Donald Trump ha fatto sapere che non è avaro di grazie: dopo aver concesso il «completo perdono» a Jack Johnson, primo pugile nero della storia a essere stato accusato ingiustamente dalla magistratura americana, e dopo ad Alice Johnson, ha assicurato che ci sarebbero state «altre grazie». E infatti, poco prima di partire per il summit del G7 nel Canada, sul prato della Casa Bianca, ha dichiarato a sorpresa che pensa «molto seriamente» di graziare Muhammad Ali, il più grande pugile della storia della boxe.

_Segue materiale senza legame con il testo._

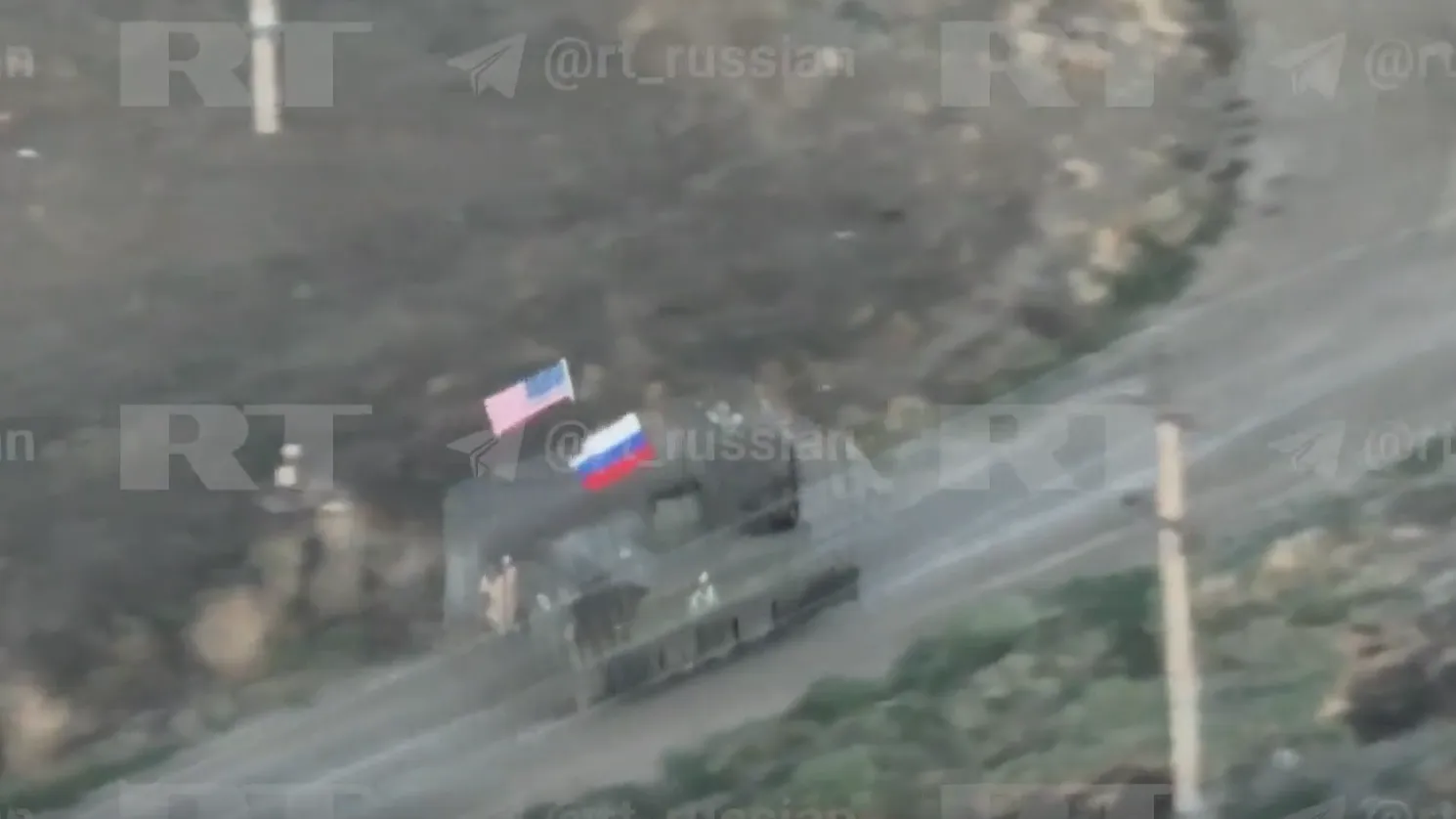 Франция не поверила: RT опубликовал другие кадры с БТР М113 под флагами РФ и США
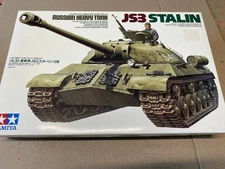 Tamiya 35211 - 1/35 WWII Russian Battle Tank Js-3 Stalin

Nel 1966, Ali si era rifiutato di andare a combattere nella guerra del Vietnam, per motivi religiosi e per opposizione al conflitto, ritenendo inoltre che quelle popolazioni lontane non gli avessero fatto niente di male. Alla stampa aveva dichiarato: «Nessun Vietcong mi ha mai chiamato negro». Per questa sua decisione, nel 1967 era stato condannato a cinque anni di prigione, da una giuria composta di soli bianchi.

Nel 1971, però, la Corte suprema degli Stati Uniti aveva annullato la decisione del tribunale contro il campione mondiale del ring, per un’irregolarità nelle indagini che lo riguardavano. Per questo, l’avvocato che rappresenta la vedova di Ali ha dichiarato che ormai la grazia non è più «necessaria». Tuttavia, il presidente americano vuole ora compiere un gesto simbolico.

Mohammed Ali è considerato il più grande pugile di tutti i tempi. Ha vinto tre titoli nella categoria dei pesi massimi e l’oro alle Olimpiadi. Negli ultimi anni di vita è stato colpito dal morbo di Parkinson, ma, nonostante la terribile malattia, nel 1996 alla Olimpiadi di Atlanta ha fatto commuovere il pubblico di tutto il mondo accendendo la fiamma olimpica che inaugurava i giochi.

Nel 2005, ha ricevuto da George W. Bush la Medaglia presidenziale della libertà, la massima decorazione civile conferita dal presidente degli Stati Uniti.